We noticed that when a yarn job fails and the aggregation option is enabled, we can’t find the containers’ logs (about this failed job) in the usual folder into HDFS (/tmp/logs/…). We can see all logs about the jobs finished with success, but nothing about those failed (we have a Log Aggregation Retention set to 7 days and we have had this problem 2 days ago).
We’re wondering if maybe could be a bug in the aggregation process, but we would like have further information about this issue from Cloudera Support, in order to confirm that or have another explanation…
Any tips about this problem?
Many thanks in advance for the kind cooperation.
yes, I set to 7 days the parameter Log Retain Duration, but anything change. I have modified also the parameter yarn.nodemanager.delete.debug-delay-sec to 7 days but I can't find any logs on HDFS or in the local location as well.
Maybe is an issue of CDH 5.8.0, because with CDH 5.13.1 I didn't find this problems.

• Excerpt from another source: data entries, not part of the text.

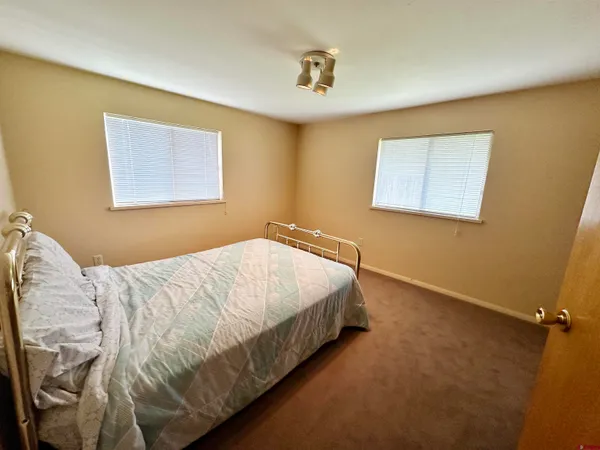 a bed sitting in a bedroom next to a blue wall
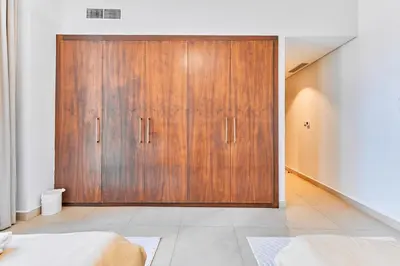 a large wooden door in a room with a bed at Burj Vista Luxury Apartments with Burj Khalifa View in Dubai
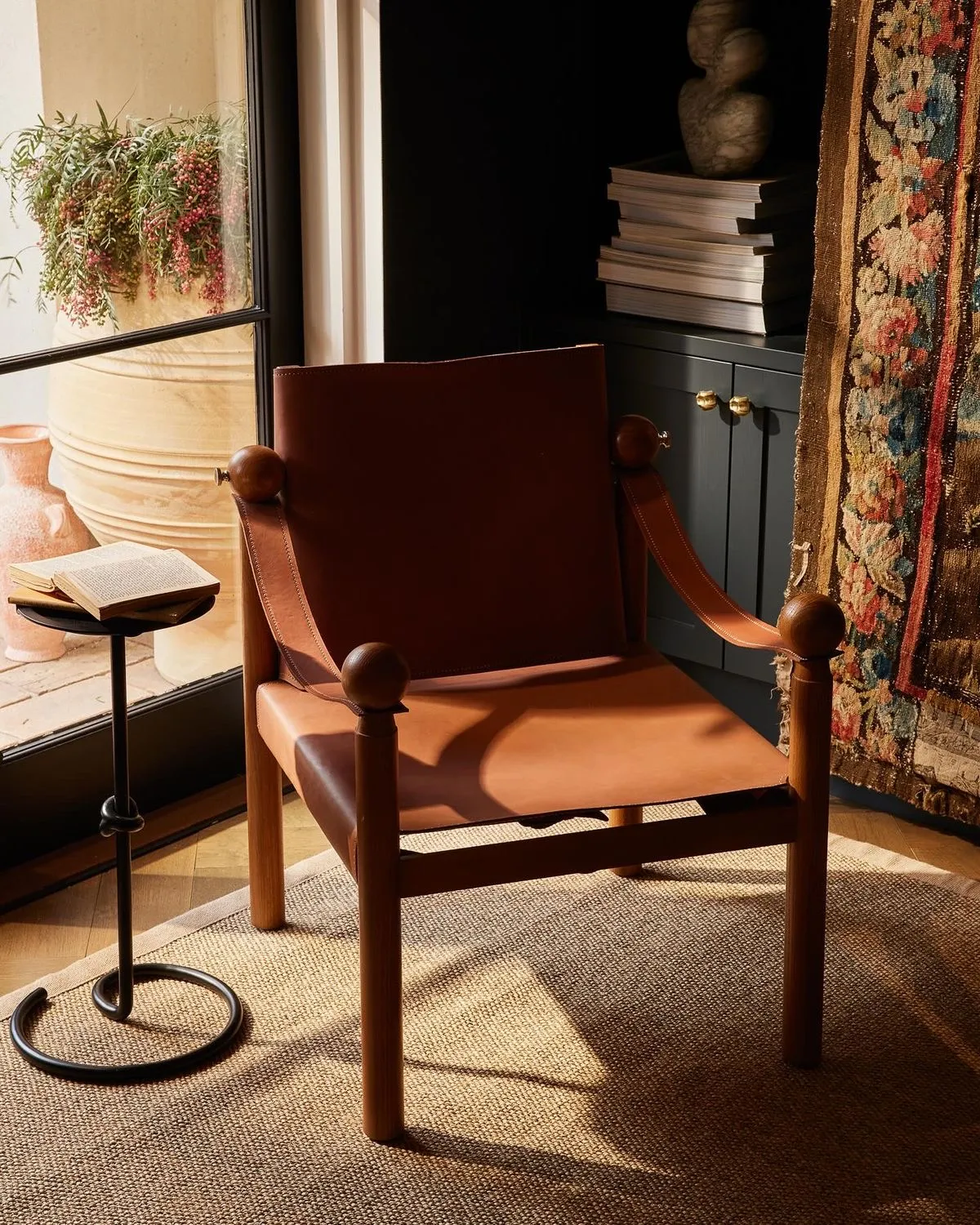 A safari chair in low afternoon sun: a tan leather sling seat and back on a turned timber frame with round ball finials, leather strap arms, standing on a sisal rug. Behind it a dark green cabinet with brass knobs, a stack of books and an antique tapestry.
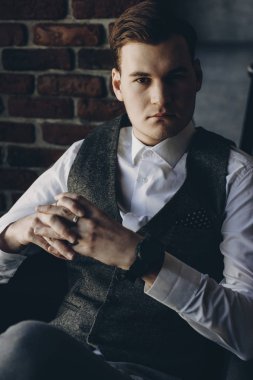 Bir sandalyede oturuyor ve ciddi görünümlü kameraya kendine güvenen genç işadamı.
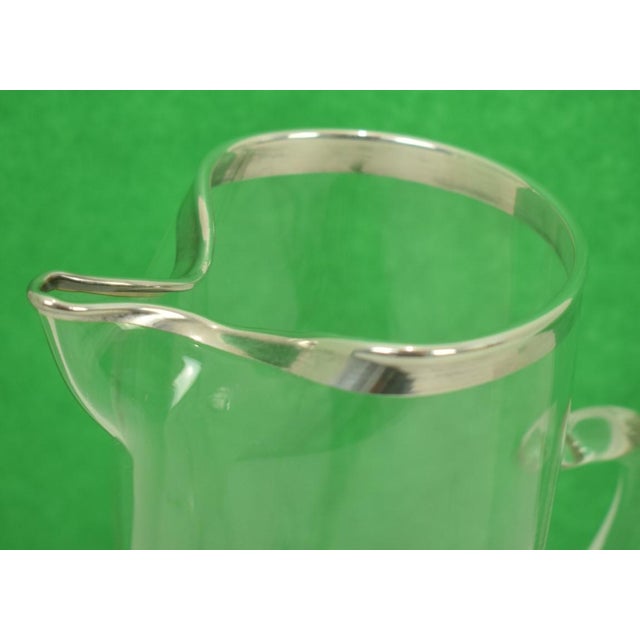 Sz: 9"H x 3 3/4"D rim x 6 1/4"L Rockwell Silver Co. Vintage mid-20th century clear glass cocktail pitcher with pinched...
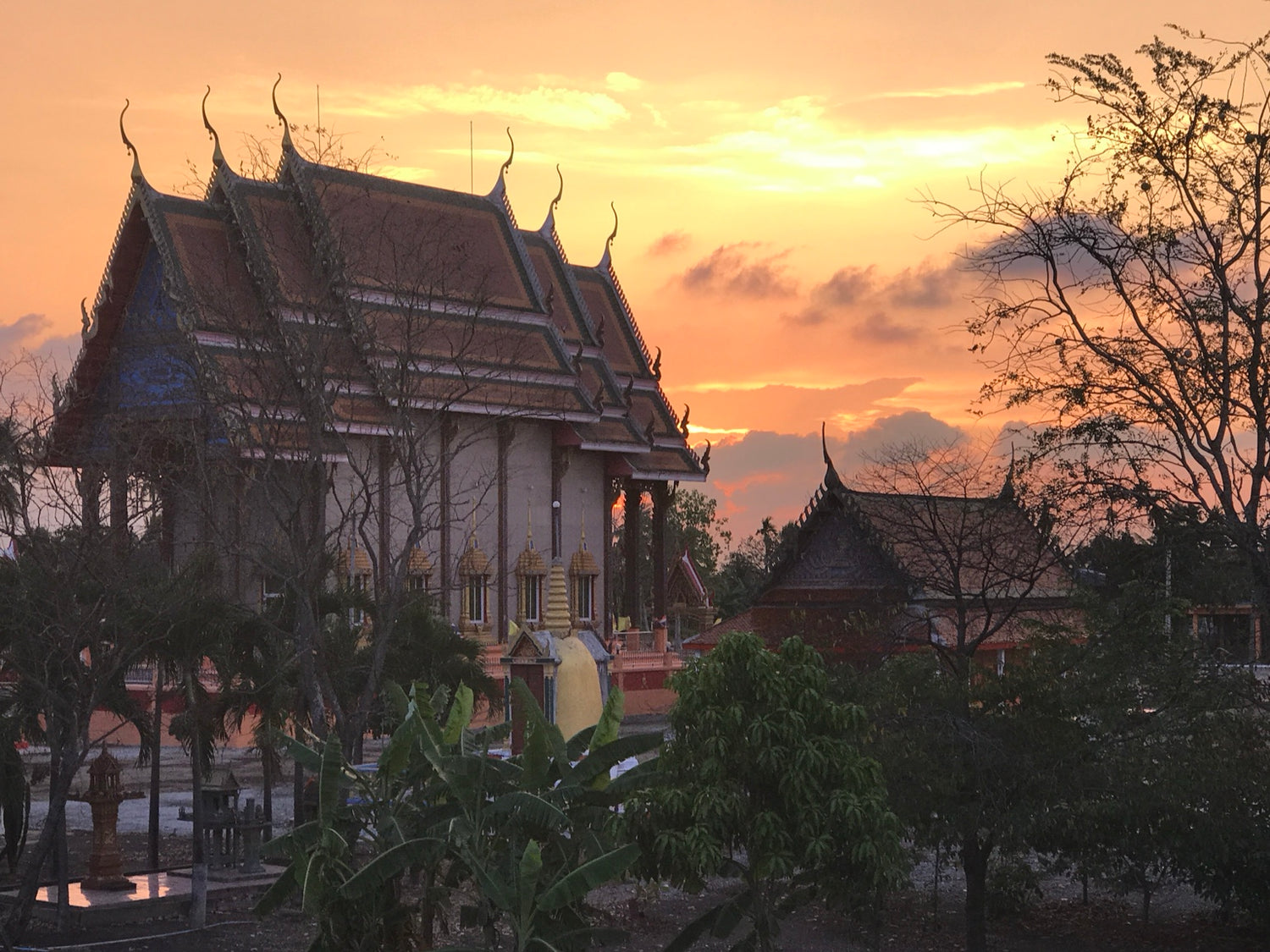 Sunset over a temple in Thailand, part of the Hammock Hut story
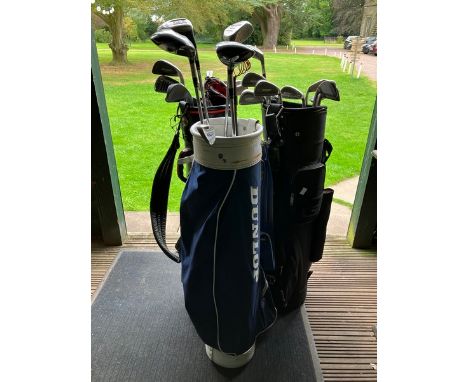 3 carry bags with golf clubs i- 3 bags one Dunlop two unbranded containing 25 assorted clubs in total, Woods. Wedges, Irons, 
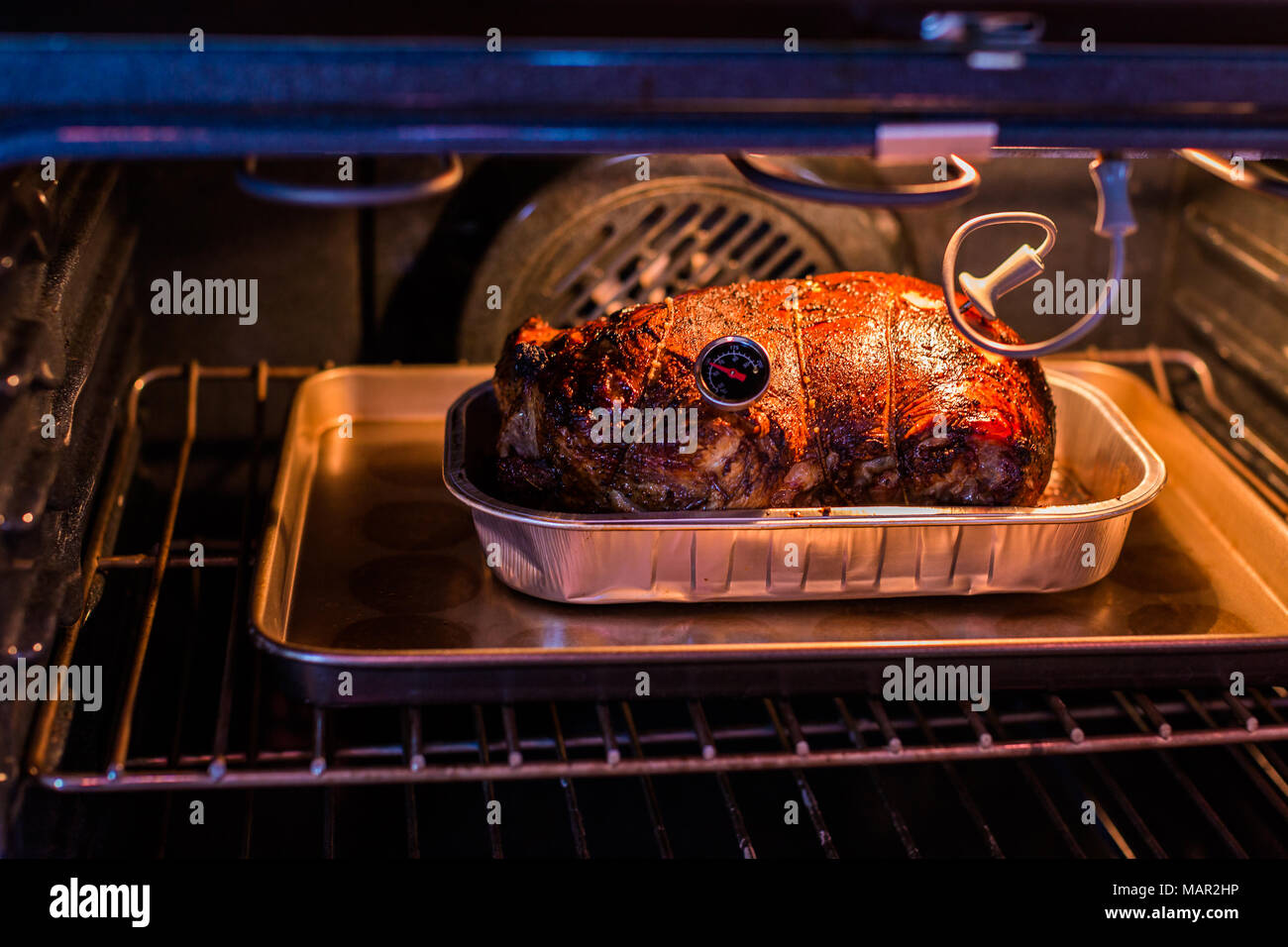 Cooking lamb roast in residential oven Stock Photo - Alamy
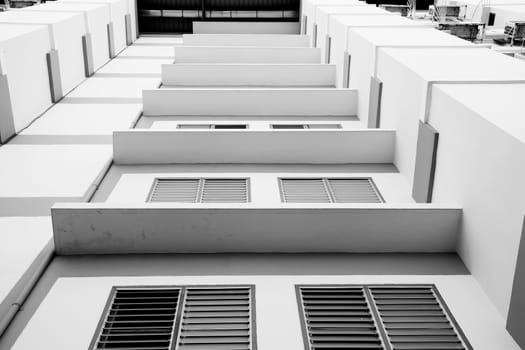 Look up at apartment housing in Thailand. Step of building.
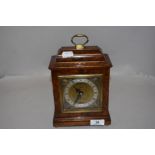 A modern John Walker Elliott bracket clock having a Walnut burr veneer case.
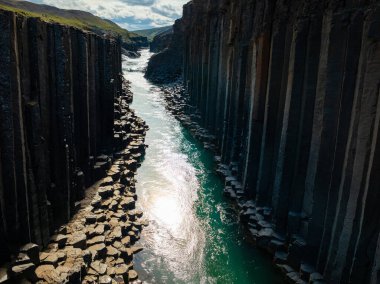 Görkemli turkuaz nehir, eşsiz beyaz kaya oluşumlarından geçiyor, tam havadan çekimin üstünde. Kanyon, vadi, doğa ve İzlanda konsepti.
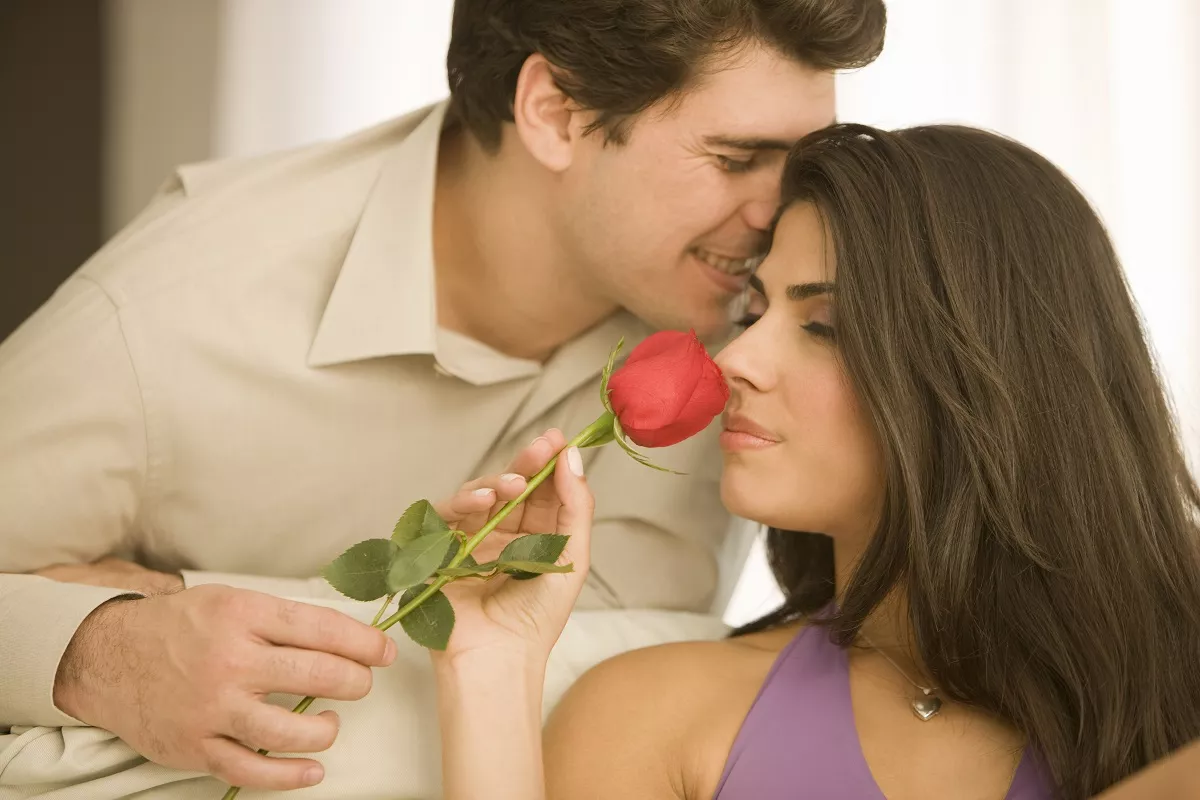 Man giving woman a red rose. Woman smelling rose.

Look for the Logaggregation related messages in the Node manger log file on one of the node where one of the container was running for the application:
In normal case you should see:
2018-12-07 20:27:59,994 INFO org.apache.spark.network.yarn.YarnShuffleService: Stopping application application_1544179594403_0020
org.apache.hadoop.yarn.server.nodemanager.containermanager.logaggregation.AppLogAggregatorImpl: Application just finished : application_1544179594403_0020
org.apache.hadoop.yarn.server.nodemanager.containermanager.logaggregation.AppLogAggregatorImpl: Uploading logs for container container_e06_1544179594403_0020_01_000001. Current good log dirs are /yarn/container-logs
Do you see these messages for the failing application or do you see some error/exception instead?
If you can paste the relevant log for the failing application I can take a look.